- _Short descriptive text snippets_
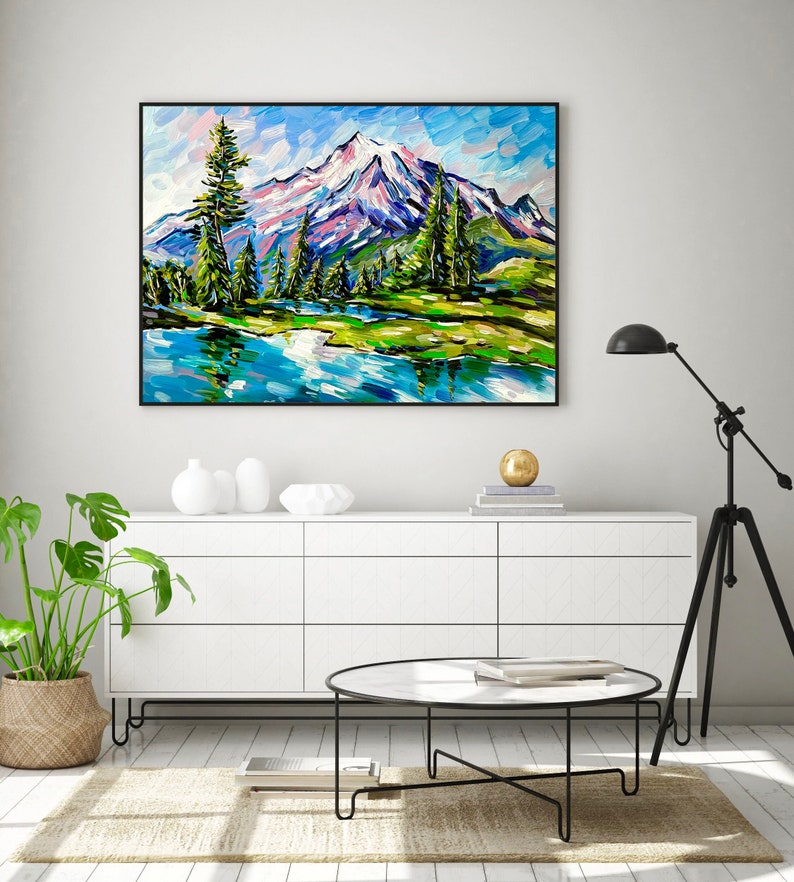 May include: A framed landscape painting depicts a mountain range with snow-capped peaks, a serene lake, and evergreen trees. The artwork features vibrant brushstrokes in shades of blue, green, and white, creating a textured effect. The painting is displayed above a white cabinet.
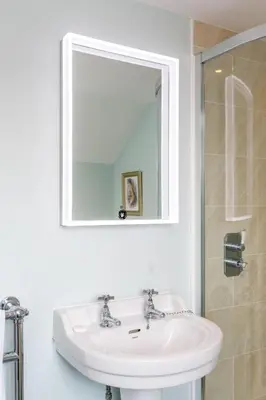 a white bathroom with a sink and a mirror at The Pink House, Thorpeness in Thorpeness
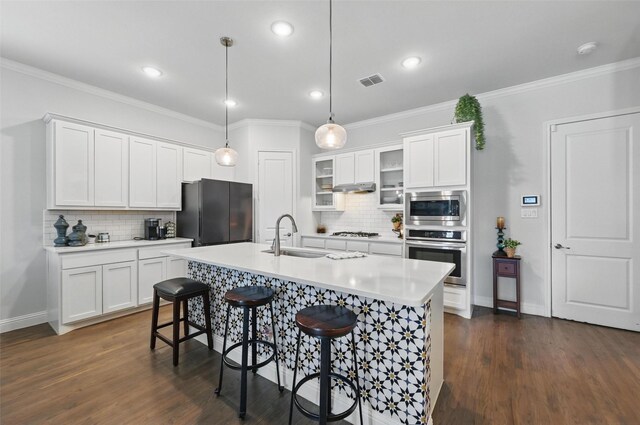 7205 York St, North Richland Hills, TX 76180 - kitchen featuring stainless steel appliances, a sink, tasteful backsplash, a kitchen island with sink, and ornamental molding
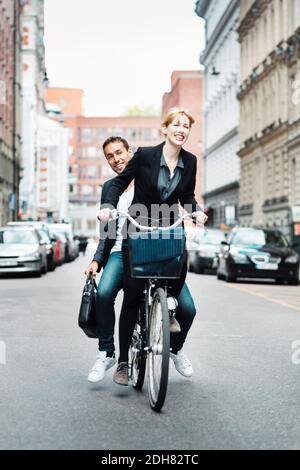 Happy business people riding bicycle on city street Stock Photo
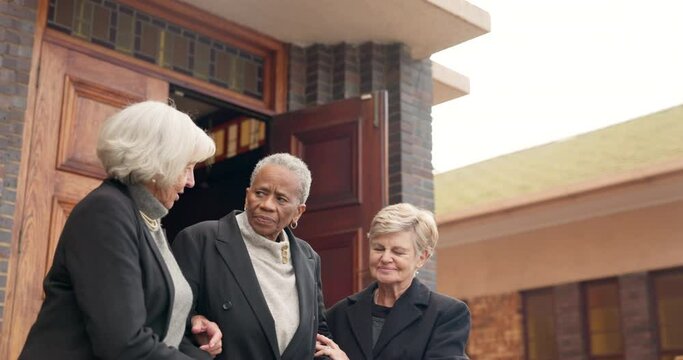 Funeral, church and senior women walking helping for empathy, comforting and support. Depression, death and sad elderly friends with care for mourning, grief and sorrow by chapel in memorial ceremony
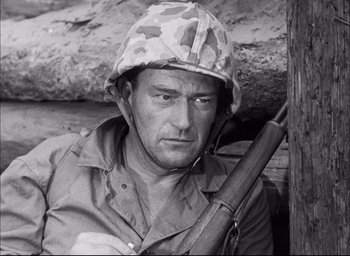 Movie still from “Sands of Iwo Jima” (1949), directed by Allan Dwan – A man with a rifle in his hand and wearing a helmet; Close Up shot, Low angle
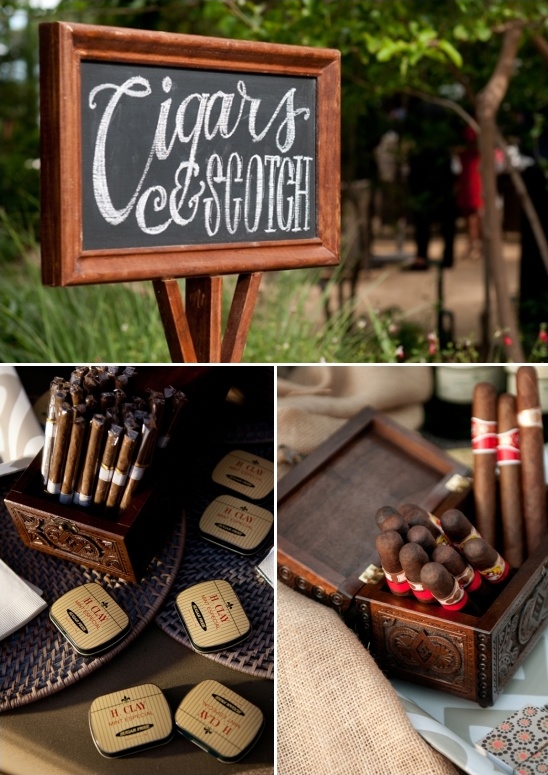 Cigars and scotch sign and wooden boxes at wedding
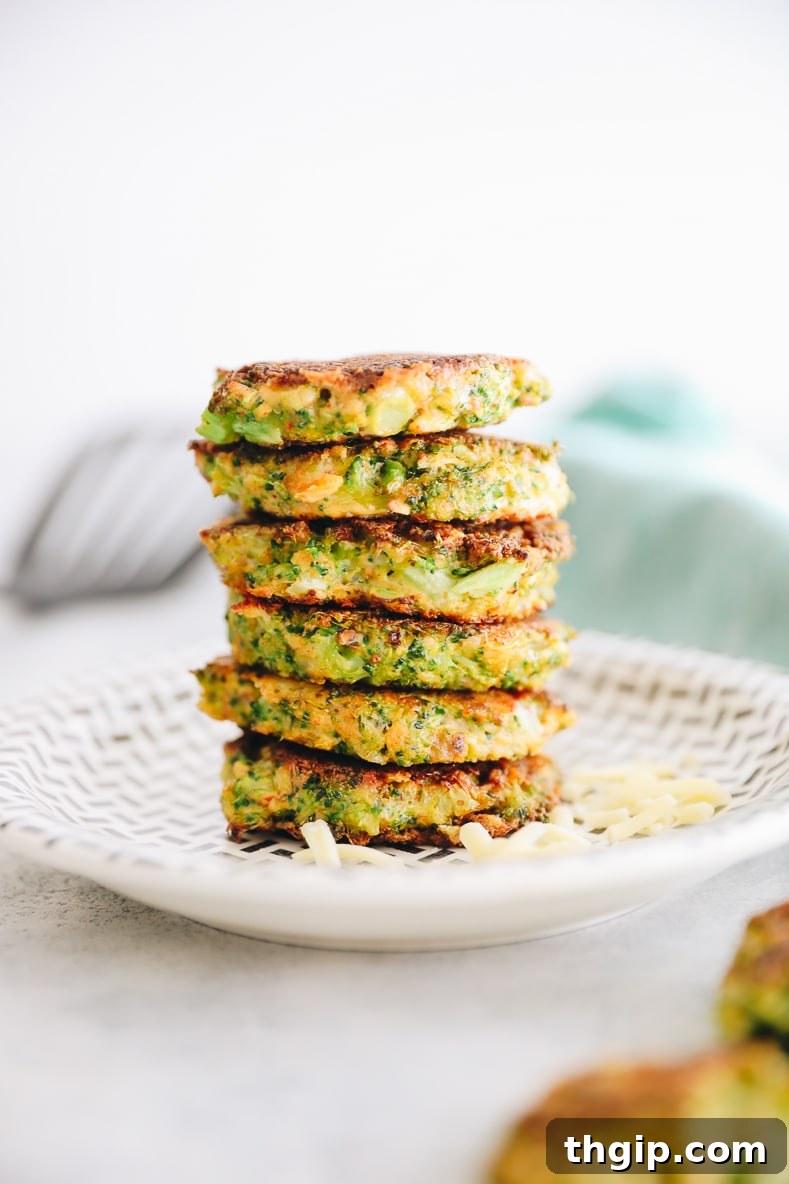 Crispy Broccoli Cheddar Bites 2 Freshly made golden brown broccoli cheddar fritters on a wooden board with a light background.
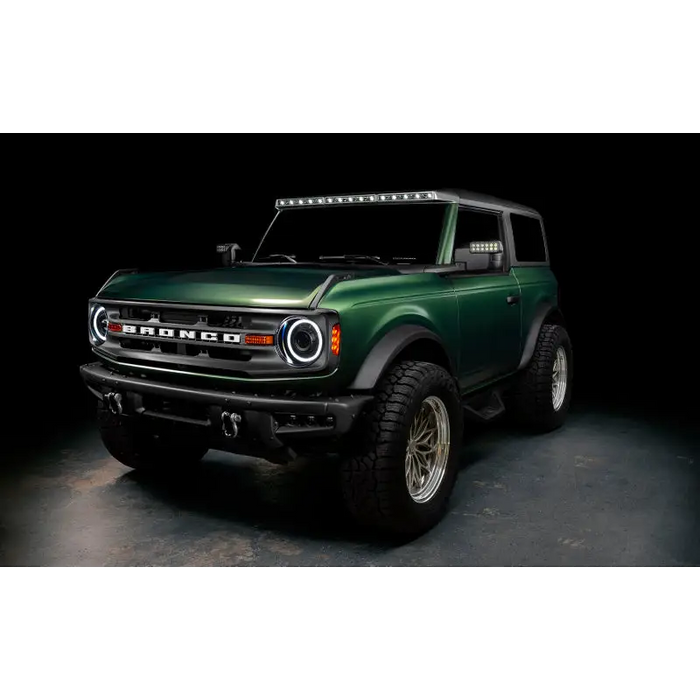 Green lifted truck with black bumper featuring Oracle 2021+ Ford Bronco Integrated Windshield Roof LED Light Bar System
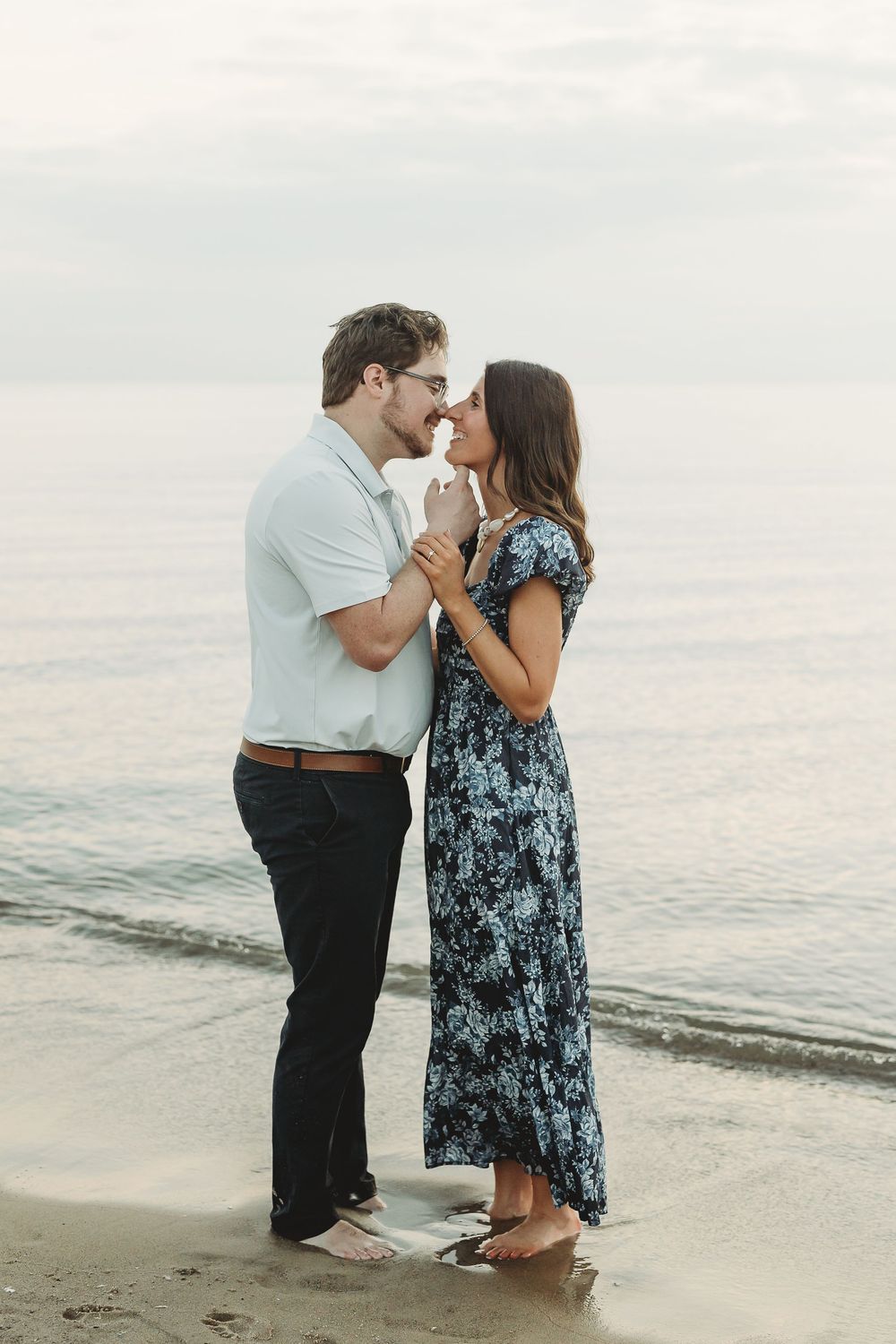 Couple sharing a romantic kiss on a sandy beach shore, man in white shirt and woman in blue floral dress.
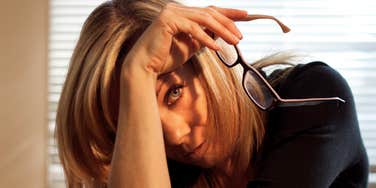 Woman taking off her glasses and resting her wrist on her head, showing signs of mental fatigue and overwhelm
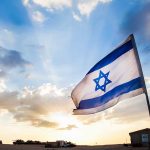 Eurovision Boycott ERUPTS – Major Countries PULL OUT! Israeli flag waving against a sunset backdrop with clouds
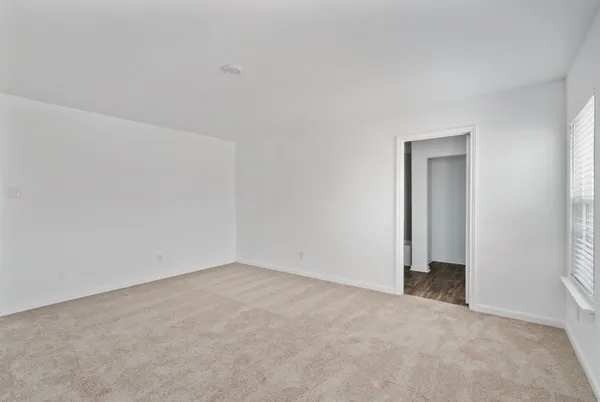 a view of an empty room and closet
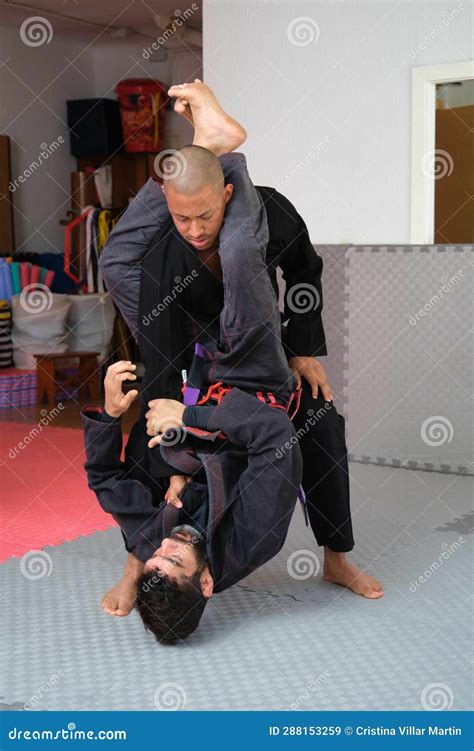 Two Men Practicing Brazilian Jiu Jitsu Sparring At The Academy Stock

- _YOUR TASK_
Pictures are not part of the copy. Extract exactly the lines from the line containing "a view of an empty room and closet" through the final line of the entries above, both included.

- _EXERCISE OUTPUT_
 a view of an empty room and closet
 Two Men Practicing Brazilian Jiu Jitsu Sparring At The Academy Stock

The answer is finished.